Boys from Arsenal, Burnley, Cardiff City and Sunderland won their respective national qualifiers at Armed Forces bases around the country on Remembrance Weekend last month to earn a place in the finals that start on Friday at Ypres, Belgium.

Youngsters from Watford and Wolverhampton Wanderers will also be in Belgium thanks to their performances off the pitch. They won the two places available in an educational competition as teams completed projects on Walter Tull, a professional footballer and the first man of black heritage to become an officer and lead men into battle in the British Army.
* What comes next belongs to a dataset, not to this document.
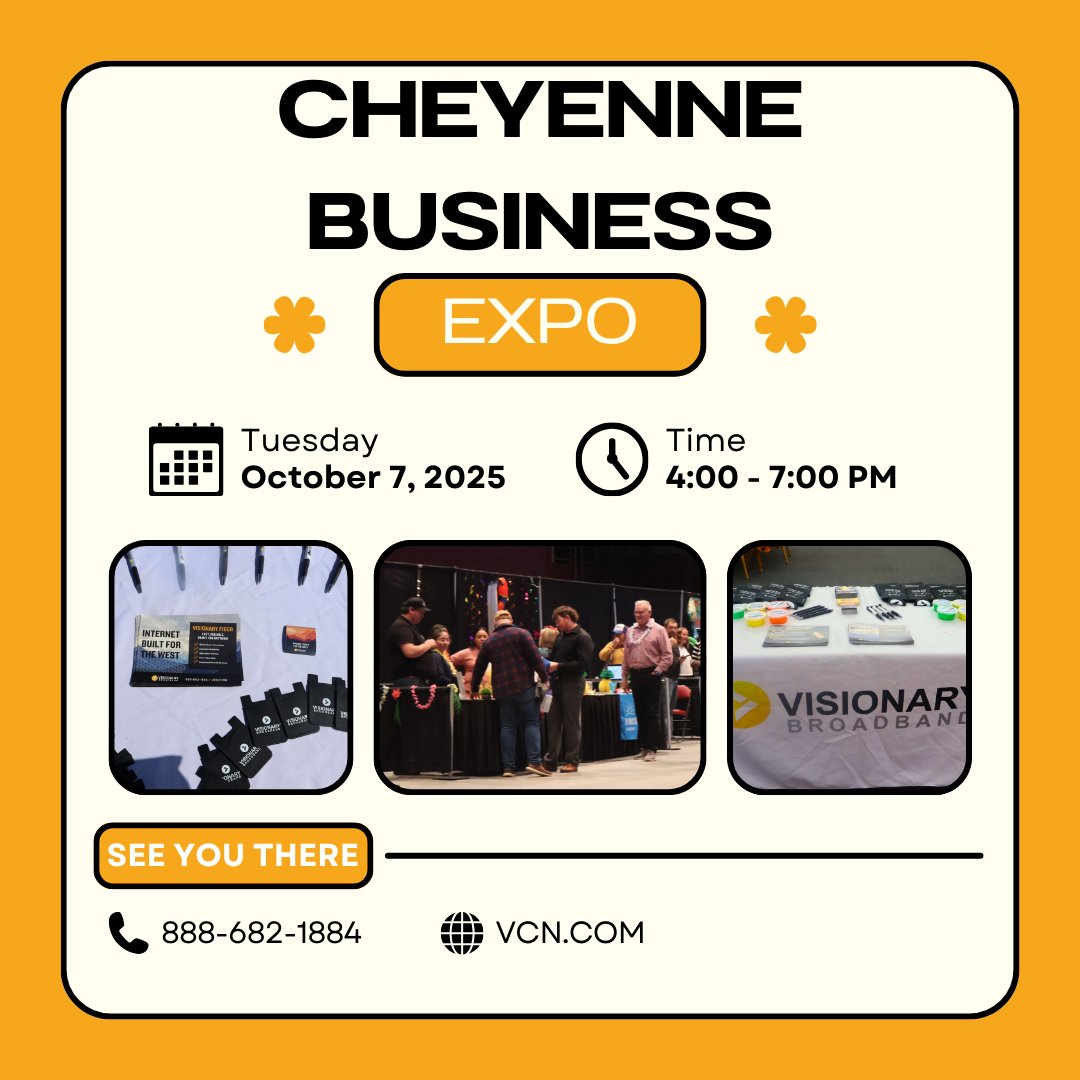 visionaryyeah's tweet image. Come see us at the Cheyenne B2B Expo on October 7th! 🤝 Learn about our services and chat with our business sales team! #cheyennewy #businessnetworking #localbusiness #internetcompany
The levels of the projects on Tull from the various teams were of a high standard and the studies formed a key part of the clubs providing an education to their youngsters both on and off the pitch.
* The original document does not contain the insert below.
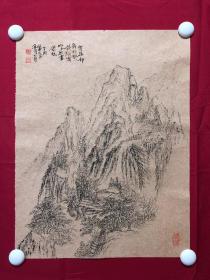 书画10052，四川画家【袁建军】钢笔画，传统山水画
"We had an educational day about the tournament, and obviously the education project about Walter Tull," said Sam Hurrell, a Chelsea Academy coach, whose team competed at the Royal Navy base in Portsmouth last month.

"So the boys had to go away and write a homework project about that, and when they came in and explained what they had written, you go, 'Wow, that was quite amazing to see that.' "

Even though Chelsea lost out to Cardiff at Portsmouth last month, the experience of commemorating the 100 years since the Armistice at an Armed Forces base was important part of their boys' development.

"There's so much that we can tell and explain, but the fact that they're here at a navy base with soldiers in uniform, listening to poems, being part of that service, laying a wreath," said Hurrell. "It helps them to bring it to life and understand what it's all about."

That will be especially true for the young teams going to Ypres.

They will see where the soldiers fought and died more than a century ago and pay tribute to them in the Last Post ceremony at Menin Gate, a Remembrance service conducted every day since 1928.

And alongside their opponents from Anderlecht, Club Brugge, Lille, Lens, Cologne and Hertha Berlin they will understand how football unified soldiers across the trenches on Christmas Day in 1914.